--- EXTRACTED ENTRIES Enclosed Below ---
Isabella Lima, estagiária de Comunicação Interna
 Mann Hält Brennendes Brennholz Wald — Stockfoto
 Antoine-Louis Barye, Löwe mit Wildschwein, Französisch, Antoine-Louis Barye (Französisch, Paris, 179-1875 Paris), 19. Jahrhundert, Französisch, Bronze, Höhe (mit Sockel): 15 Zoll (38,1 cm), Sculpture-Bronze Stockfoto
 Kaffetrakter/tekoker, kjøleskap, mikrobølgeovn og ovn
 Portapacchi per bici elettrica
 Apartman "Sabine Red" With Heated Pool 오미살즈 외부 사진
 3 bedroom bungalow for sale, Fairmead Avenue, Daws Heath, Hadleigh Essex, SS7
--- End of Enclosed EXTRACTED ENTRIES ---
● **YOUR TASK**: Search the records above for the string "Stockfoto". Report each line that has it.

● **REPLY**:
 Mann Hält Brennendes Brennholz Wald — Stockfoto
 Antoine-Louis Barye, Löwe mit Wildschwein, Französisch, Antoine-Louis Barye (Französisch, Paris, 179-1875 Paris), 19. Jahrhundert, Französisch, Bronze, Höhe (mit Sockel): 15 Zoll (38,1 cm), Sculpture-Bronze Stockfoto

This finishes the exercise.